Biden administration stops half-million-acre Wyo oil and gas sale
 
By Angus M. Thuermer Jr., WyoFile.com
 
President Joe Biden’s Jan. 27 order to pause oil and gas leasing on federal lands hit Wyoming on Friday as the BLM postponed the auction of 383 parcels covering almost half a million acres.
The leasing pause will enable a review that’s part of an all-government fight against “a profound climate crisis” exacerbated by the burning of fossil fuels, Biden’s order states. The BLM had scheduled the first-quarter 2021 sale of development rights on 476,506 acres for March 15 after deciding the sale would not “significantly affect the rate of change” in the environment.

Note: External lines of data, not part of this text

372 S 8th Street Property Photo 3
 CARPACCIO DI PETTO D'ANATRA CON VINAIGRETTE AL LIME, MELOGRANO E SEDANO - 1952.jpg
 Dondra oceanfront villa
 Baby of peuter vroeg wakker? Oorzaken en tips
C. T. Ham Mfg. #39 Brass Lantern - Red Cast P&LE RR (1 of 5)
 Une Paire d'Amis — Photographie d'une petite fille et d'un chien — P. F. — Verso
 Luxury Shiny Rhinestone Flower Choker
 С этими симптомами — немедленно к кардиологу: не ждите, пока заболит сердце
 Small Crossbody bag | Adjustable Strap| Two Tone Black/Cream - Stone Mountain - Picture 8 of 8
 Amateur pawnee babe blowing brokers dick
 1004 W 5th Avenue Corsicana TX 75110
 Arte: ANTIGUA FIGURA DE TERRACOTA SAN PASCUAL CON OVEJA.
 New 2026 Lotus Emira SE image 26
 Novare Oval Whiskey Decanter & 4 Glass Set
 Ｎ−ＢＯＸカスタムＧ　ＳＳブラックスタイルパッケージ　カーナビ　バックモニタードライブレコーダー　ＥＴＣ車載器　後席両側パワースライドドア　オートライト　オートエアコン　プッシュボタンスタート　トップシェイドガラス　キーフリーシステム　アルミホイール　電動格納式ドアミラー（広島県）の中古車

The agency did not say when a lease sale might be rescheduled.
The BLM’s first quarter sale last year brought in $3.4 million after energy companies leased 75 parcels covering 71,689 acres. Wyoming received about half the sale’s proceeds and will also get a share of future production royalties, if production ever occurs. The auction last year sold less than a sixth of the acreage that had been proposed for sale this March.
Wyoming lawmakers last year, reacting to Biden campaign positions that threatened leasing, funded a report that says Wyoming would lose $304 million in annual tax revenue if leasing stopped on federal lands. That report has been much-touted in the wake of the official pause. But a critic who reviewed the report for The Wilderness Society says it overestimates impacts by up to 85%.
The state-commissioned drilling-ban impact report by a University of Wyoming energy economics professor predicts production and investment losses in Wyoming, plus the lost tax revenue, would amount to $640 billion through 2040. Author Tim Considine prepared the 66-page review in December more than a month before Biden paused leasing for “a comprehensive review” of the nationwide system.
Wyoming would lose 15,269 jobs a year in the first five years of a leasing moratorium, Considine wrote. Leasing or drilling restrictions also could have a “spillover effect,” potentially making extraction less attractive or efficient on nearby private or state lands, the paper says. 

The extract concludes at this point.